■ **REQUIRED WORK**
When you copy the listing, skip the images and return each line verbatim.

■ **RAW DATA**
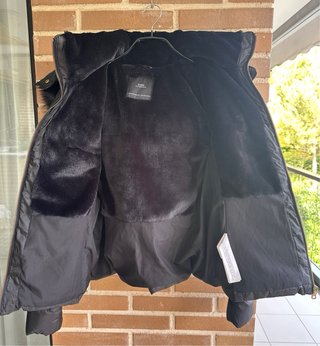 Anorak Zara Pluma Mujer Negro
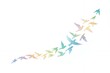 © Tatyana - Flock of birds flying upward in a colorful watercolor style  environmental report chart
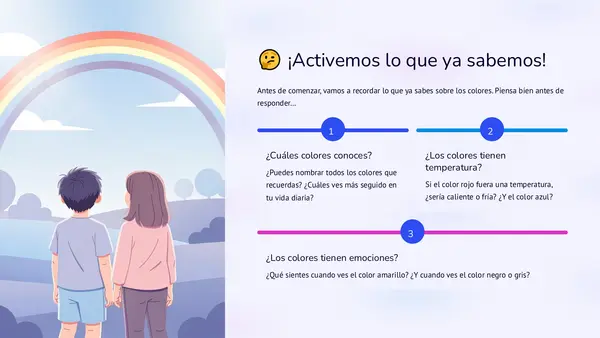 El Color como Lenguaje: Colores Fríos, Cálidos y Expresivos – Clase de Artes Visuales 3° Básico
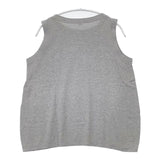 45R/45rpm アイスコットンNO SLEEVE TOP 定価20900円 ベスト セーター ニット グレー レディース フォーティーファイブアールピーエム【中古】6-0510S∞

■ **WRITTEN RESPONSE**
 Anorak Zara Pluma Mujer Negro
 © Tatyana - Flock of birds flying upward in a colorful watercolor style  environmental report chart
 El Color como Lenguaje: Colores Fríos, Cálidos y Expresivos – Clase de Artes Visuales 3° Básico
 45R/45rpm アイスコットンNO SLEEVE TOP 定価20900円 ベスト セーター ニット グレー レディース フォーティーファイブアールピーエム【中古】6-0510S∞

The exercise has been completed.